### WHAT YOU HAVE TO DO:
All of the data below should be returned exactly.

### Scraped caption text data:
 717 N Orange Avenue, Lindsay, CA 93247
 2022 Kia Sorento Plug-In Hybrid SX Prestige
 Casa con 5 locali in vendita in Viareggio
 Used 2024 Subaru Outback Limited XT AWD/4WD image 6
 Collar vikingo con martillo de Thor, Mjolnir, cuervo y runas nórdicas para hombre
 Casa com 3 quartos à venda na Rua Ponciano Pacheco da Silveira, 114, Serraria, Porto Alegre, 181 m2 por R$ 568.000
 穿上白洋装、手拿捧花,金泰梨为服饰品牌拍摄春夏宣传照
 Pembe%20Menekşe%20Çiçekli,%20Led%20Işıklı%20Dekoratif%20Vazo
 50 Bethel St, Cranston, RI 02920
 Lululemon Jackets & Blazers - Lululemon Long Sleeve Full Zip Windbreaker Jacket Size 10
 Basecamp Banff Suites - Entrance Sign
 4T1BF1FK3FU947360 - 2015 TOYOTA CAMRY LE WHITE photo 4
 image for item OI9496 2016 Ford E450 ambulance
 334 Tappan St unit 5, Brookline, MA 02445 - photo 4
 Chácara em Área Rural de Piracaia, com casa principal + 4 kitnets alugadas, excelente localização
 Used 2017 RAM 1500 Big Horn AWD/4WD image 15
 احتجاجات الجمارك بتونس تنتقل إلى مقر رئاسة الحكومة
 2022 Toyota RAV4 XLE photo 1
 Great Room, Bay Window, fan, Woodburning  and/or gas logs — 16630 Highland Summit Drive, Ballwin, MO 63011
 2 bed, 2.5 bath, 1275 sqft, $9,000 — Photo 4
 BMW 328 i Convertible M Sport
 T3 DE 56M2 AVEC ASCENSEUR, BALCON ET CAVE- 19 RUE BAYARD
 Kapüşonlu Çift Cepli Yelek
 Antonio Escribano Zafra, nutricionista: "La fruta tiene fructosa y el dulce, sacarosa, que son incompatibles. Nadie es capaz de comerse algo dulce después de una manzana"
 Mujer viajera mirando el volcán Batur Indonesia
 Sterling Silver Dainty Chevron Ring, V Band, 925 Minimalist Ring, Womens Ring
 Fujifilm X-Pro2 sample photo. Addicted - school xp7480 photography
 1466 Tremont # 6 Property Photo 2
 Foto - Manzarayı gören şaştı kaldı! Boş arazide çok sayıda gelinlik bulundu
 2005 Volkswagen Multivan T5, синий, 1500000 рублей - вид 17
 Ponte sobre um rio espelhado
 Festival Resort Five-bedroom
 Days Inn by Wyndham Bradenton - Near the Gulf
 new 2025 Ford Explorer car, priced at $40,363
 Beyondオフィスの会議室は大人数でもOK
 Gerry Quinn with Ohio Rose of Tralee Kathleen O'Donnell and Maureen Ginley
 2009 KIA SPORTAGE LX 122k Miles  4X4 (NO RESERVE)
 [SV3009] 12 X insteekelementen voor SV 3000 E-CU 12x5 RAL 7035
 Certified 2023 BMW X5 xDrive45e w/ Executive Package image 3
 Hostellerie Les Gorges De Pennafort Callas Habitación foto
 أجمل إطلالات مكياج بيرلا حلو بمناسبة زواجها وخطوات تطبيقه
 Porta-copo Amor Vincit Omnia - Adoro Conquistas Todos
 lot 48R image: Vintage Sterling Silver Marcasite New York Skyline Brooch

### TASK RESPONSE:
 717 N Orange Avenue, Lindsay, CA 93247
 2022 Kia Sorento Plug-In Hybrid SX Prestige
 Casa con 5 locali in vendita in Viareggio
 Used 2024 Subaru Outback Limited XT AWD/4WD image 6
 Collar vikingo con martillo de Thor, Mjolnir, cuervo y runas nórdicas para hombre
 Casa com 3 quartos à venda na Rua Ponciano Pacheco da Silveira, 114, Serraria, Porto Alegre, 181 m2 por R$ 568.000
 穿上白洋装、手拿捧花,金泰梨为服饰品牌拍摄春夏宣传照
 Pembe%20Menekşe%20Çiçekli,%20Led%20Işıklı%20Dekoratif%20Vazo
 50 Bethel St, Cranston, RI 02920
 Lululemon Jackets & Blazers - Lululemon Long Sleeve Full Zip Windbreaker Jacket Size 10
 Basecamp Banff Suites - Entrance Sign
 4T1BF1FK3FU947360 - 2015 TOYOTA CAMRY LE WHITE photo 4
 image for item OI9496 2016 Ford E450 ambulance
 334 Tappan St unit 5, Brookline, MA 02445 - photo 4
 Chácara em Área Rural de Piracaia, com casa principal + 4 kitnets alugadas, excelente localização
 Used 2017 RAM 1500 Big Horn AWD/4WD image 15
 احتجاجات الجمارك بتونس تنتقل إلى مقر رئاسة الحكومة
 2022 Toyota RAV4 XLE photo 1
 Great Room, Bay Window, fan, Woodburning  and/or gas logs — 16630 Highland Summit Drive, Ballwin, MO 63011
 2 bed, 2.5 bath, 1275 sqft, $9,000 — Photo 4
 BMW 328 i Convertible M Sport
 T3 DE 56M2 AVEC ASCENSEUR, BALCON ET CAVE- 19 RUE BAYARD
 Kapüşonlu Çift Cepli Yelek
 Antonio Escribano Zafra, nutricionista: "La fruta tiene fructosa y el dulce, sacarosa, que son incompatibles. Nadie es capaz de comerse algo dulce después de una manzana"
 Mujer viajera mirando el volcán Batur Indonesia
 Sterling Silver Dainty Chevron Ring, V Band, 925 Minimalist Ring, Womens Ring
 Fujifilm X-Pro2 sample photo. Addicted - school xp7480 photography
 1466 Tremont # 6 Property Photo 2
 Foto - Manzarayı gören şaştı kaldı! Boş arazide çok sayıda gelinlik bulundu
 2005 Volkswagen Multivan T5, синий, 1500000 рублей - вид 17
 Ponte sobre um rio espelhado
 Festival Resort Five-bedroom
 Days Inn by Wyndham Bradenton - Near the Gulf
 new 2025 Ford Explorer car, priced at $40,363
 Beyondオフィスの会議室は大人数でもOK
 Gerry Quinn with Ohio Rose of Tralee Kathleen O'Donnell and Maureen Ginley
 2009 KIA SPORTAGE LX 122k Miles  4X4 (NO RESERVE)
 [SV3009] 12 X insteekelementen voor SV 3000 E-CU 12x5 RAL 7035
 Certified 2023 BMW X5 xDrive45e w/ Executive Package image 3
 Hostellerie Les Gorges De Pennafort Callas Habitación foto
 أجمل إطلالات مكياج بيرلا حلو بمناسبة زواجها وخطوات تطبيقه
 Porta-copo Amor Vincit Omnia - Adoro Conquistas Todos
 lot 48R image: Vintage Sterling Silver Marcasite New York Skyline Brooch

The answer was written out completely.